▶ [GIVEN INFORMATION]
+--
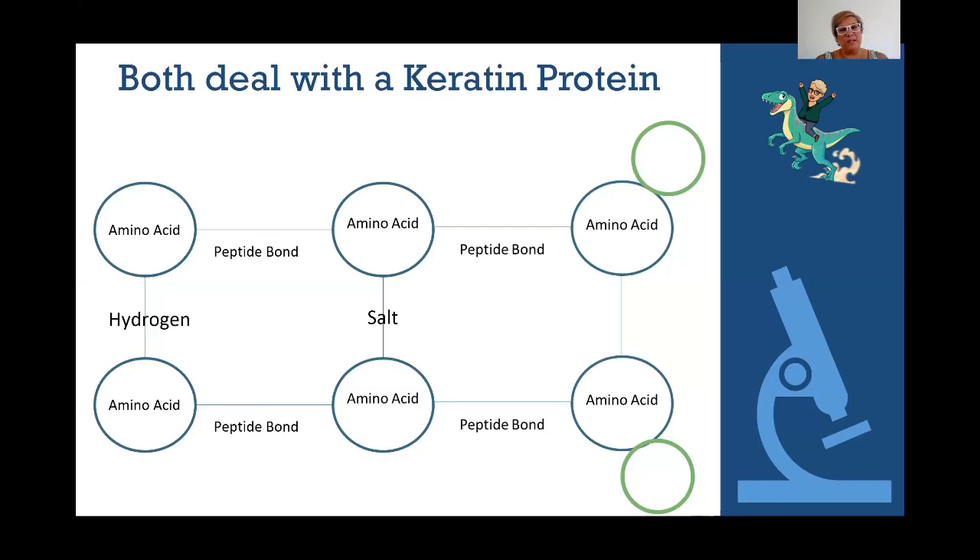The third bond is what we're really dealing with in all of these chemical process services — and it's a disulfide bond. A disulfide bond can only be broken with chemicals; it is not going to break on its own. A disulfide bond is created because of the addition of a sulfur atom attached to some of the amino acids. Disulfide means two sulfurs. This is the important bond that we break.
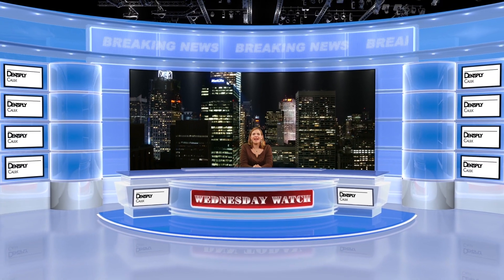Thanks, Dr. Graham, and thank you for checking out the Wednesday Watch. We'll see you next week with more from Dentistry Today and DNN.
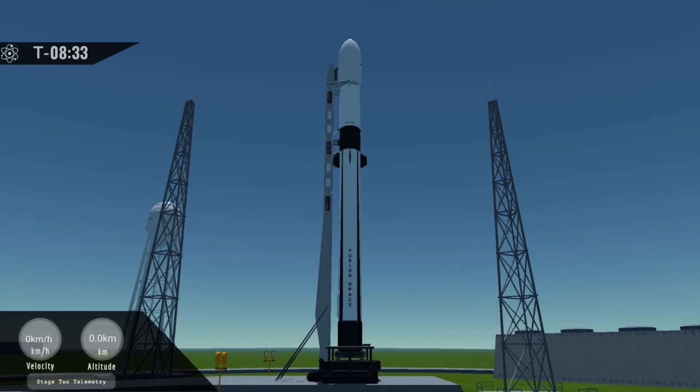Good afternoon. I'm Matthew White, a booster technician here at Fusion Space. On your screen is the first of a next-generation Fusion 2 rocket at our brand-new launch site in the National Space Center. We're currently on schedule for a launch in just eight and a half minutes from now and are tracking no issues that would prevent a launch today.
+--
What you should repeat exactly is the run of lines from the top of the listing above through the line with "Thanks, Dr. Graham, and", without pictures.

▶ [TASK RESPONSE]
The third bond is what we're really dealing with in all of these chemical process services — and it's a disulfide bond. A disulfide bond can only be broken with chemicals; it is not going to break on its own. A disulfide bond is created because of the addition of a sulfur atom attached to some of the amino acids. Disulfide means two sulfurs. This is the important bond that we break.
Thanks, Dr. Graham, and thank you for checking out the Wednesday Watch. We'll see you next week with more from Dentistry Today and DNN.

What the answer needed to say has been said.